Meeting a New Big Boi at Brooklyn’s Rubber Tracks
Big Boi at Rubber Tracks

Big Boi at Rubber Tracks in Brooklyn, NY. Photo: Leny Behar

Each week, Lizzy Goodman guides you through the dirty streets of rock and roll.

Discovering a new record is like meeting a new boy: you can’t eat or sleep or think about anything else and it’s kind of ruining your life but you don’t care because you are literally high, your brain taking a crush-induced dopamine bath. That’s what happened when I first heard Big Boi’s debut solo album Sir Lucious Left Foot: The Son of Chico Dusty. I was busy willing myself to leave behind a not-so-good-for-me guy I’d been dating when my parents asked if I wanted to come on a family vacation to Turkey. Yes I did! Anything to get me out of my own head. That’s how I found myself traipsing around Ephesus in determined early spring sunshine while Big Boi rapped about “shittin’ on n*ggas and peein’ on the seat.” It was all just so right. So when I found out the man himself would be performing a couple of songs from his forthcoming follow-up, Vicious Lies and Dangerous Rumors, at Brooklyn’s Rubber Tracks I willed myself across the East River to check it out.

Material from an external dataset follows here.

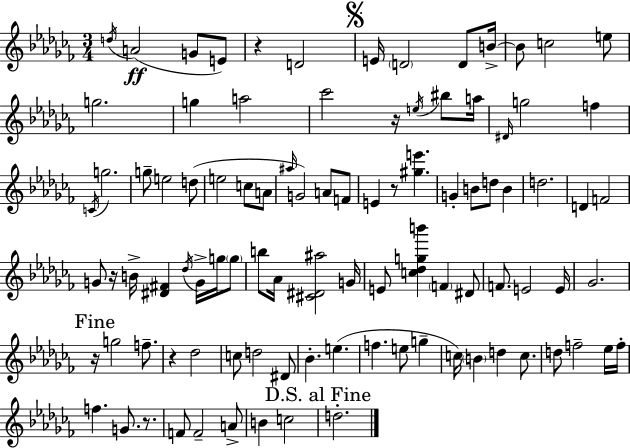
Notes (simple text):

“What is this place called again? Williamstown?” asked a tall 20-something in what seemed like the evening’s dress code for girls: suede over-the-knee boots with jeans, Burberry ponchos and false eyelashes. Based on the Escalades parked out front, rims glinting in the street light, and the sweet stink of clove cigarettes being smoked outside it was clear Big Boi had pulled a different crowd from neighborhood’s standard pasty twee hipster. My partner-in-crime was the legendary label exec/DJ/rock boy whisperer Sarah “Ultragrrrl” Lewitinn, who is on the shorter side. “I’m a midget!” is how she put it. “Can we head to the front?!” Sarah tried – with a vodka cocktail in one hand — to scale a wall of Converse sneakers (the venue’s sponsor) in order to see better while I watched Big Boi prowl the stage in fatigues and shades, the image of an in-command rap icon.

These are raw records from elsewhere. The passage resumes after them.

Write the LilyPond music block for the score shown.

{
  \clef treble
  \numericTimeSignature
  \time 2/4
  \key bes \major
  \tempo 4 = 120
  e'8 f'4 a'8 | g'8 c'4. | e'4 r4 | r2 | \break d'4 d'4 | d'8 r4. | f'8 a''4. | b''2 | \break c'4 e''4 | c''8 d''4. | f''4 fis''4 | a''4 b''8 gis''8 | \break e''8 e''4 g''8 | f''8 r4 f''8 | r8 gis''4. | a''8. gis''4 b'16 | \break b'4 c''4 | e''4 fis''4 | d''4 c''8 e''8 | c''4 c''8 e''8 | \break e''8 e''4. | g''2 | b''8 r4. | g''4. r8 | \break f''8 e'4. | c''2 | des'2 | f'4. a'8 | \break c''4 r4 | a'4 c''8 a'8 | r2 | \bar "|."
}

He sounded great: bawdy and playful as he performed a couple of tracks off the new album, including the single “Mama Told Me.” The recorded version features Kelly Rowland, but we got a rare treat in the appearance of Little Dragon, one of Big Boi’s recent collaborators. Not that I could see any of this, mind you. All I could really glimpse (even though I was in heels) was crisp baseball caps pogo-ing above the crowd line, the backbeat making the shoelaces on the Converse wall tremble. We found out what really happened onstage when we went outside post-show to regroup. A friend who was near the front played us a live video he’d taken of the entire show. “Did you guys actually go inside?” he asked as Sarah and I gazed curiously at the footage of an event we’d both just attended.

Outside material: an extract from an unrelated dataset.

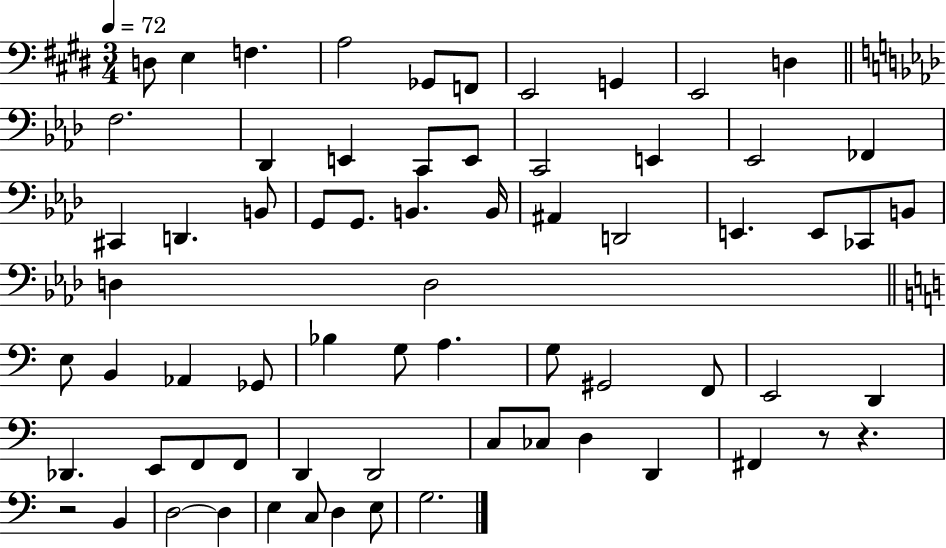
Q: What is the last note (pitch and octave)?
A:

Next up: another party a couple blocks away, or gest to bed early so we could get up for morning yoga? We decided to play it by ear and joined the mass exodus of fans, many of whom were literally Google maps-ing their way back to the subway. Just off Metropolitan, I spied a freshly rolled joint in the street and pointed it out to Sarah. The dude in front of us turned on his heels, went back, picked it up and tucked it behind his ear. We thought about asking him to share but downward dog won out. As he gave us a cute little look Sarah smiled back over her shoulder. “Namaste,” she said.